Histogram

julia

struct Knuth <: AstroPyBins end

Histogram binning algorithm using Knuth's rule.

Knuth implements Knuth's rule for selecting the optimal number of bins in a histogram, as provided by the AstroPy library. This method aims to maximize the posterior probability of the histogram given the data, resulting in an adaptive binning strategy that balances bias and variance.

Related

source

PortfolioOptimisers.FreedmanDiaconis Type

julia

struct FreedmanDiaconis <: AstroPyBins end

Histogram binning algorithm using the Freedman-Diaconis rule.

FreedmanDiaconis implements the Freedman-Diaconis rule for selecting the number of bins in a histogram, as provided by the AstroPy library. This method determines bin width based on the interquartile range (IQR) and the number of data points, making it robust to outliers and suitable for skewed distributions.

Related

source

PortfolioOptimisers.Scott Type

julia

struct Scott <: AstroPyBins end

Histogram binning algorithm using Scott's rule.

Scott implements Scott's rule for selecting the number of bins in a histogram, as provided by the AstroPy library. This method chooses bin width based on the standard deviation of the data and the number of observations, providing a good default for normally distributed data.

Related

source

PortfolioOptimisers.HacineGharbiRavier Type

julia

struct HacineGharbiRavier <: AbstractBins end

Histogram binning algorithm using the Hacine-Gharbi–Ravier rule.

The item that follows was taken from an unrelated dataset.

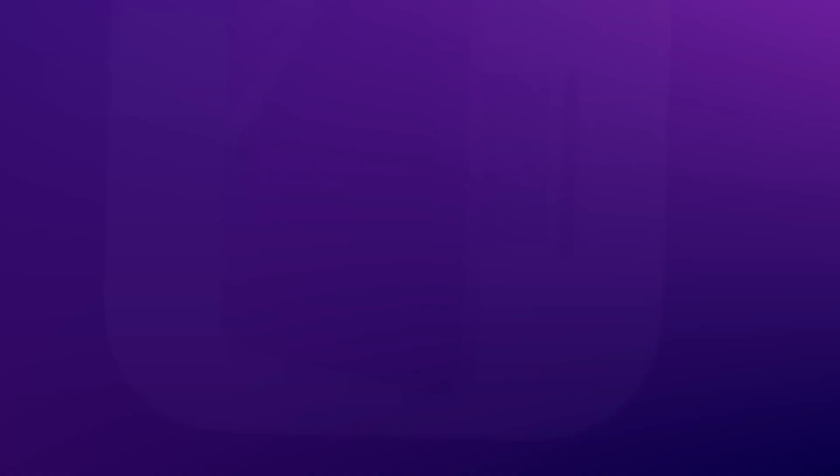Welcome back to the Field Productive channel. My name's Ez, and on this channel we explore tech through the lens of productivity. This video is sponsored by CleanMyMac.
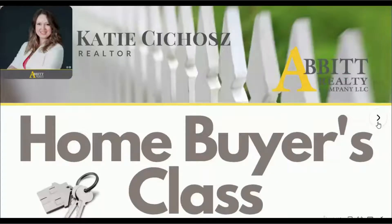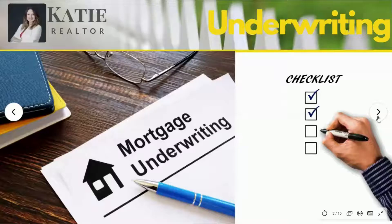Hi, everybody. Thank you so much for joining me today. Welcome. My name is Katie Chiyosh. I'm a realtor with Abbott Realty here in Newport News, Virginia, and this is part four of my homebuyers class. Last week I promised we would discuss the underwriting process of your loan application to wrap up the pre-approval segment. My go-to lending guru, Kristen Ball with TownBake Mortgage, has shared some in-depth information with me to help you better understand exactly what to expect in the underwriting process.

HacineGharbiRavier implements the Hacine-Gharbi–Ravier rule for selecting the number of bins in a histogram. This method adapts the bin count based on the correlation structure and sample size, and is particularly useful for information-theoretic measures such as mutual information and variation of information.

Related

source

PortfolioOptimisers.AbstractBins Type

julia

abstract type AbstractBins <: AbstractAlgorithm end

Abstract supertype for all histogram binning algorithms.

AbstractBins is the abstract type for all binning algorithm types used in histogram-based calculations within PortfolioOptimisers.jl, such as mutual information and variation of information analysis. Concrete subtypes implement specific binning strategies (e.g., Knuth, Freedman-Diaconis, Scott, Hacine-Gharbi-Ravier) and provide a consistent interface for bin selection.

Related

source

PortfolioOptimisers.AstroPyBins Type

julia

abstract type AstroPyBins <: AbstractBins end

Abstract supertype for all histogram binning algorithms implemented using AstroPy's bin width selection methods.

AstroPyBins is the abstract type for all binning algorithm types that rely on bin width selection functions from the AstroPy Python library, such as Knuth, Freedman-Diaconis, and Scott. Concrete subtypes implement specific binning strategies and provide a consistent interface for bin selection in histogram-based calculations within PortfolioOptimisers.jl.

Related

source

PortfolioOptimisers.get_bin_width_func Function

julia

get_bin_width_func(bins::Int_Bin)

Return the bin width selection function associated with a histogram binning algorithm.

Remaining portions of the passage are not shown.